### WORK ITEM
From the line with "The rosette of" to the line with "Man Cave Yacht", retype every line exactly, including those two, and leave out the rest of the data below.

### LISTED RECORDS
^^^^

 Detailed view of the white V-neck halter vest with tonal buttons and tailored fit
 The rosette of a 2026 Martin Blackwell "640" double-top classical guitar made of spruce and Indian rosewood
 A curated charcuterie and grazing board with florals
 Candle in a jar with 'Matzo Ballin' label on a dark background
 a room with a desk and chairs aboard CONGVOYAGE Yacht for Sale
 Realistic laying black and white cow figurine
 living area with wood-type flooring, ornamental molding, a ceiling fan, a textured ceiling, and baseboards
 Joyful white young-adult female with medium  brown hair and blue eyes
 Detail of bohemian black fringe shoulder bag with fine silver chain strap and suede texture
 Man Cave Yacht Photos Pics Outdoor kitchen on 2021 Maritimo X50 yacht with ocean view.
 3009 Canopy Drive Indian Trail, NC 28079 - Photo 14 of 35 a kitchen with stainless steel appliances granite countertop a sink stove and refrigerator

^^^^

### SOLUTION TO THE EXERCISE
 The rosette of a 2026 Martin Blackwell "640" double-top classical guitar made of spruce and Indian rosewood
 A curated charcuterie and grazing board with florals
 Candle in a jar with 'Matzo Ballin' label on a dark background
 a room with a desk and chairs aboard CONGVOYAGE Yacht for Sale
 Realistic laying black and white cow figurine
 living area with wood-type flooring, ornamental molding, a ceiling fan, a textured ceiling, and baseboards
 Joyful white young-adult female with medium  brown hair and blue eyes
 Detail of bohemian black fringe shoulder bag with fine silver chain strap and suede texture
 Man Cave Yacht Photos Pics Outdoor kitchen on 2021 Maritimo X50 yacht with ocean view.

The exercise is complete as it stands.